そして現在、魚津社寺工務店は、規模を徐々に大きくしながら存続中で、

片や三共建築設計事務所は規模を縮小してしまって、所長1人で継続しています。

この事実は何を意味するのか、私なりにお応えする前に、それぞれの事務所の社会的な役割をお話ししたい。

 

魚津社寺工務店は、神社仏閣、お城などの設計とその施工をしています。

官民・下請け取り混ぜて受注しています。

三共建築設計事務所は、私がいる頃は、約10人の中規模事務所で、フジパン工場、電波学園グループ、マクドナルド、ウオッチマン、マンション、住宅など多くのクライアントを持っていました。

100%民間企業からの受注です。

大手事務所の下請け受注はありませんでした。

その当時の五十嵐所長は、官には頼らないと言う、100%民間からの受注を自慢していました。

 

建築事務所が存続するためには、社会の要請が無ければ成り立ちません。

社会的要請とは、つまり建築物の設計監理です。

そして社会的な要請が終われば、一応その事務所の存続意義は無くなるということです。

かつてはいろんな場所で、一斉に工場や、飲食店、店舗、マンション、住宅などが建っていたということです。

それに応えるべく、建築士が頑張っていたということでしょう。

 

空間を創り、そこへ人を集め、何か商品やサービスを行う事で、人が喜び、満足を得ていたのだろうと思われます。

需要と供給で言えば、箱の供給が追い付かない時代があったということです。

しかしそれらの商品やサービスがほぼ行き渡り、新しい喜びや満足が生み出せていない世の中にシフトしてきているように思います。

人が求めているものが、物質的なものから、精神的なモノ、心の平安などに大きくシフトしているように思うのです。

 

建築物そのものは、空間を作り、限りなく物質的なのだけれども、一方では、芸術的であったり、象徴的であったり、権威的であったりもします。

和辻哲郎の[風土]を持ち出すまでもないのですが、砂漠の民が、さまよいながら見るキューブリックな箱に、人間的な心の安心を与えることが出来ます。

魚津社寺工務店が繁栄を続けられる理由には、この心に根差した何かが含まれているのかもしれません。

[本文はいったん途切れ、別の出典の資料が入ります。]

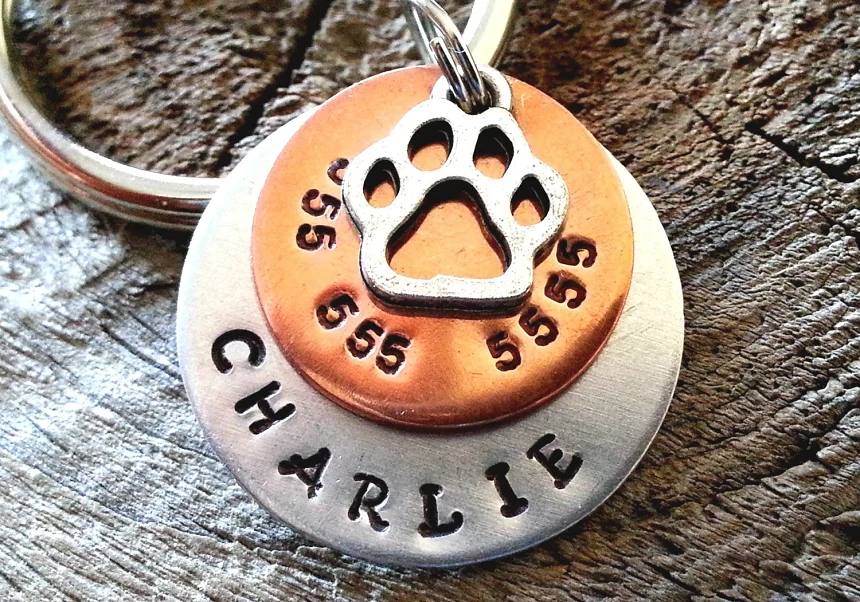 Lookipet's Best Custom Dog Tags for Active Pets
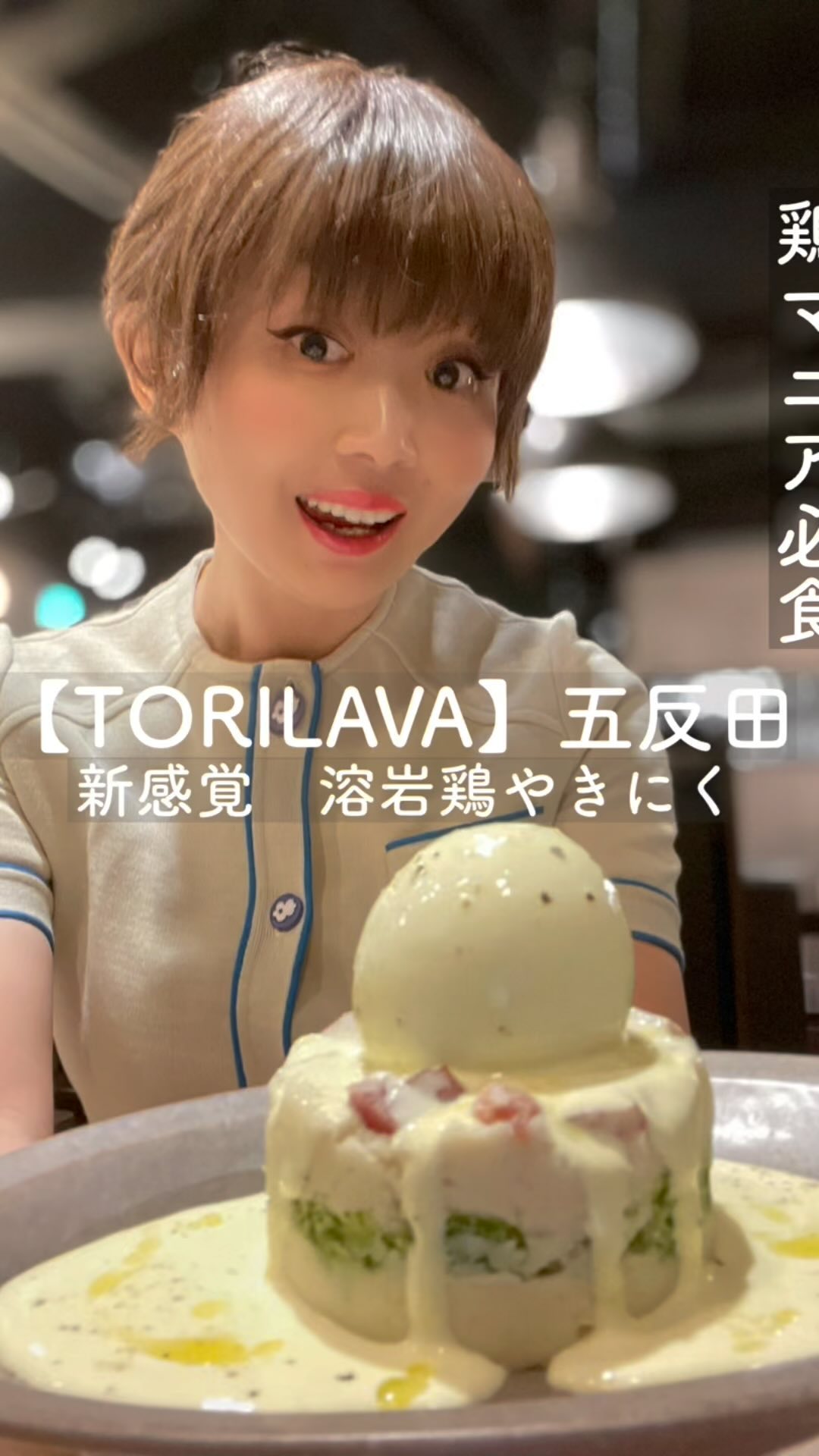 溶岩鶏やきにく TORILAVA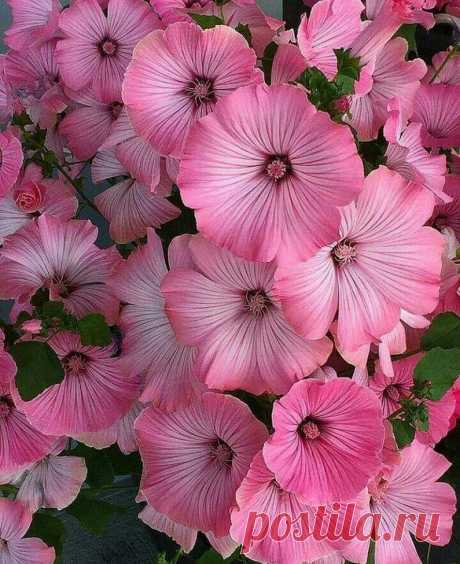 Pritha Chakraborty - Google+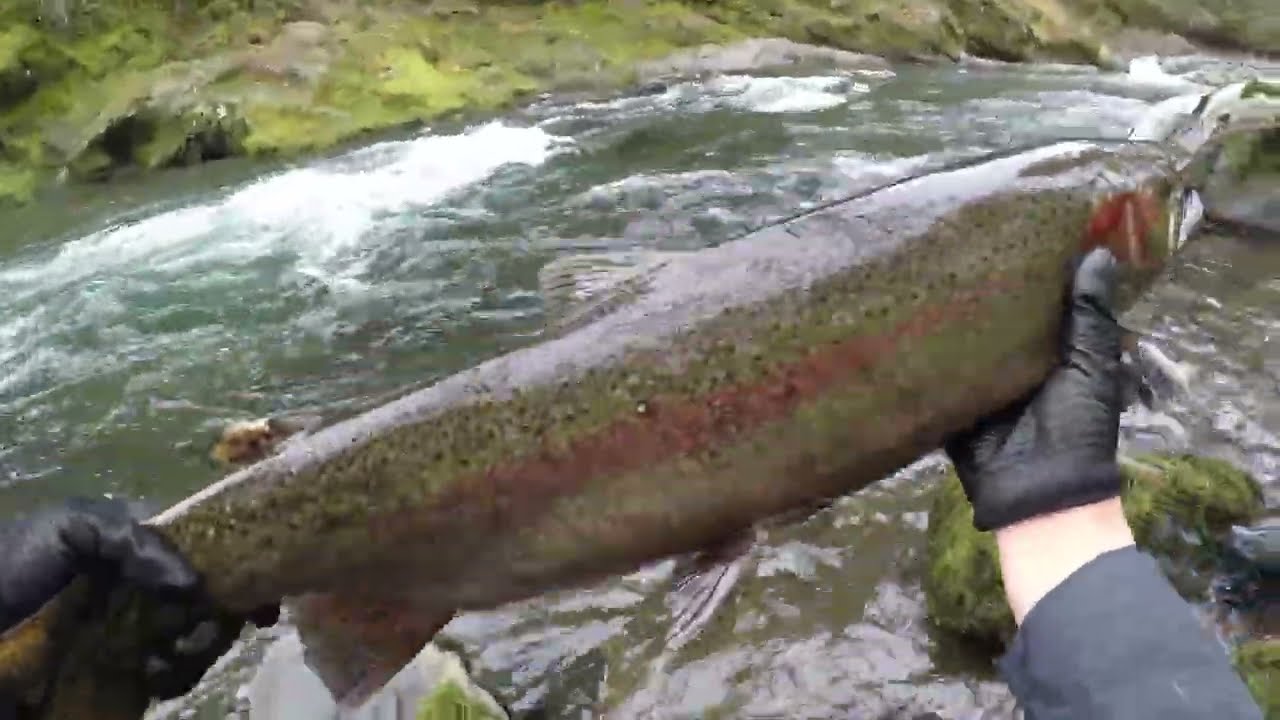 Small river big fish, high mountain steelhead fishing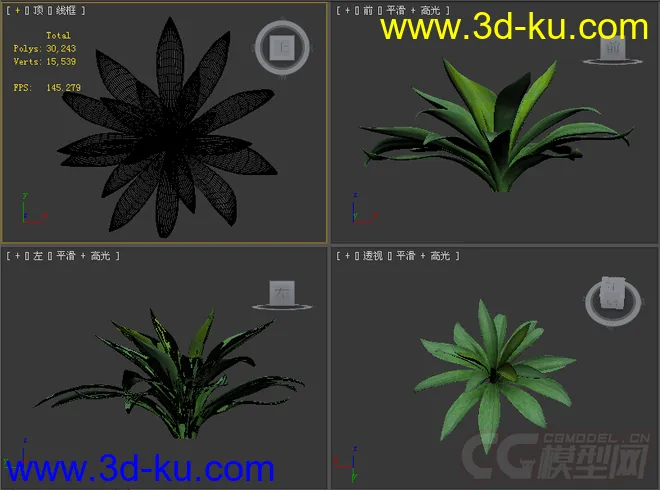 一个植物模型的图片2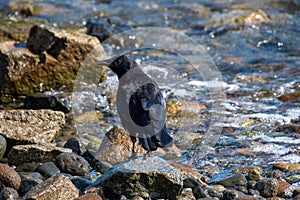 A picture of a crow resting on the rock.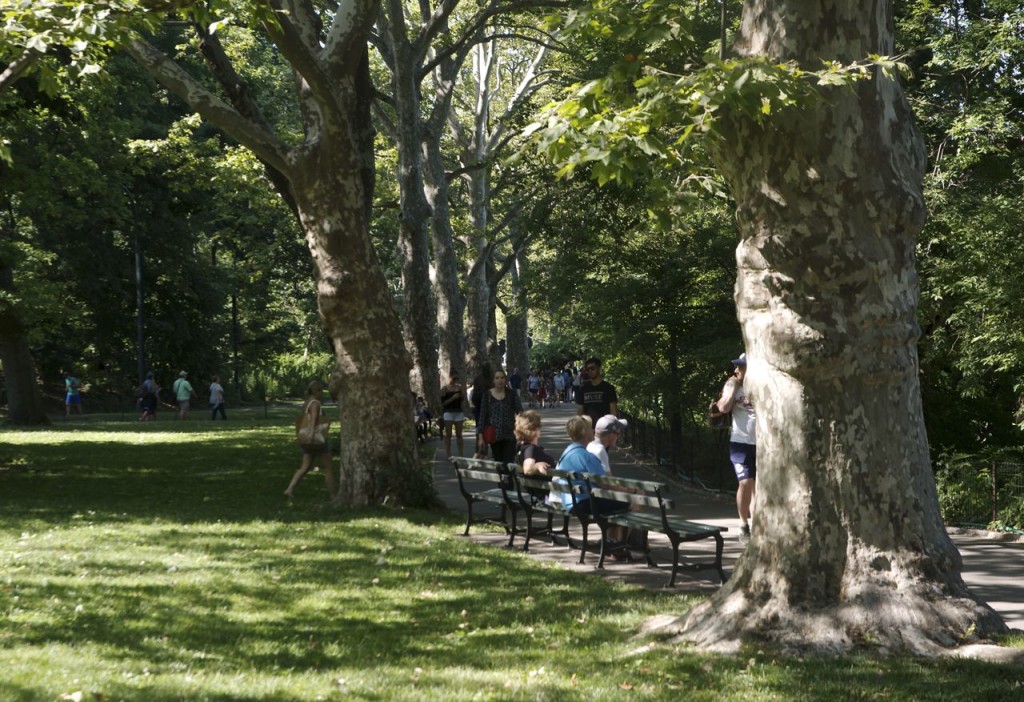 shady walkway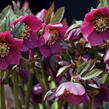Čemeřice nachová - Helleborus purpurascens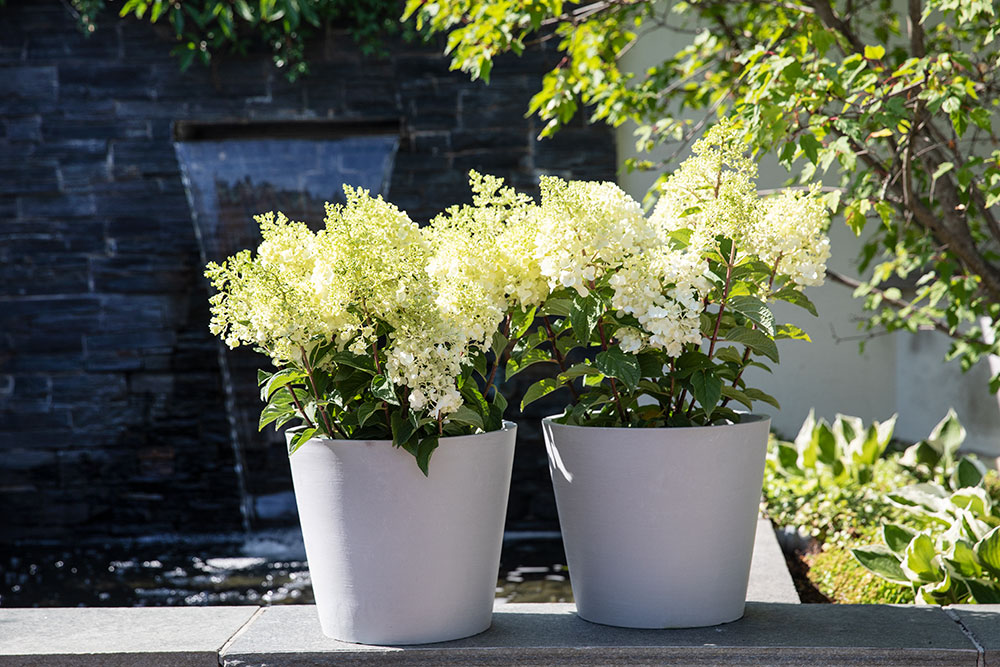 Syrinhortensia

時代が効率的、生産的、物質的なものを求めていた時代から、心の平安、精神性を求めている時代に入ったのかもしれません。

神社、お寺は、心の平安を求めるところそのものでもあります。

 

最近やっと耐震診断の波が終わろうとしています。

これも地震などの心配を無くしたいという、心の叫びから広がったのではないかと思うのです。

30年前に耐震診断は世に出てきたのです。